Background: Previous studies reported that repetitive transcranial magnetic stimulation (rTMS) can reduce cue-elicited craving and decrease cigarette consumption in smokers. The mechanism of this effect however, remains unclear. We used resting-state functional magnetic resonance imaging (rsfMRI) to test the effect of rTMS in non-treatment seeking smokers.
Methods: We used a single blinded, sham-controlled, randomized counterbalanced crossover design where participants underwent two visits separated by at least 1 week. Participants received active rTMS over the left dorsolateral prefrontal cortex (DLPFC) during one of their visits, and sham rTMS during their other visit. They had two rsFMRI scans before and after each rTMS session. We used the same rTMS stimulation parameters as in a previous study (10Hz, 5s-on, 10s-off, 100% resting motor threshold, 3000 pulses).

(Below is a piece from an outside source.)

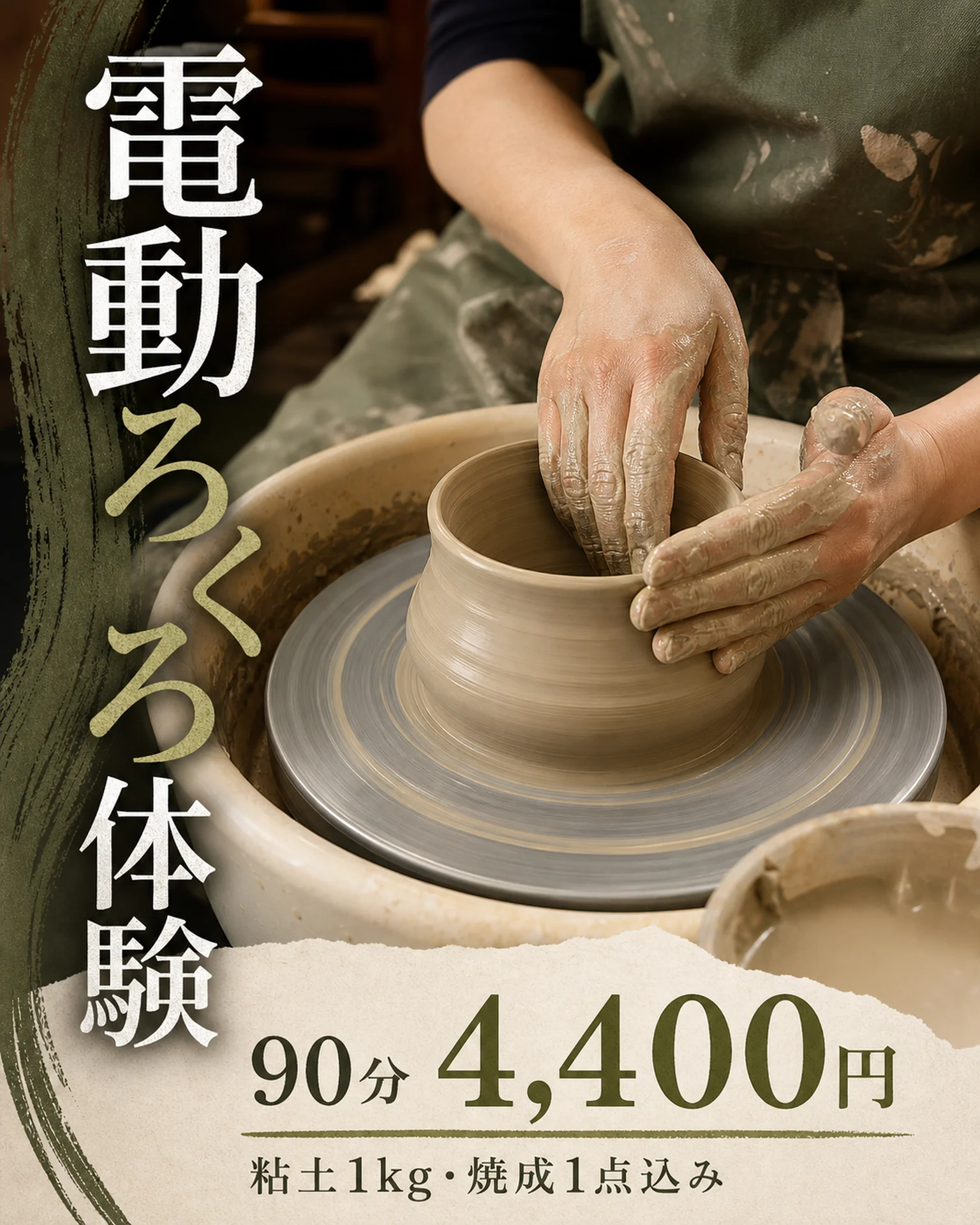 教室の体験レッスン募集を作成の構成を参考にする日本語テンプレート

Results: Ten non-treatment-seeking, nicotine-dependent, cigarette smokers (6 women, an average age of 39.72 and an average cigarette per day of 17.30) finished the study. rsFMRI results demonstrate that as compared to a single session of sham rTMS, a single session of active rTMS inhibits brain activity in the right insula and thalamus in fractional amplitude of low frequency fluctuation (fALFF). For intrinsic brain connectivity comparisons, active TMS resulted in significantly decreased connectivity from the site of rTMS to the left orbitomedial prefrontal cortex.

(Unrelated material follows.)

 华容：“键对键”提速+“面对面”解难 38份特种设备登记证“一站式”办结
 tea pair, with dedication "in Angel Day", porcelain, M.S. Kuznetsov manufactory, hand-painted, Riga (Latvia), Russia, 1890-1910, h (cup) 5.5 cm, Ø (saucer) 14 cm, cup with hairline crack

Conclusions: This data suggests that one session of rTMS can reduce activity in the right insula and right thalamus as measured by fALFF. The data also demonstrates that rTMS can reduce rsFC between the left DLPFC and the medial orbitofrontal cortex.
Keywords: DLPFC; Nicotine dependence; Resting-state fMRI; Reward circuit; Transcranial magnetic stimulation.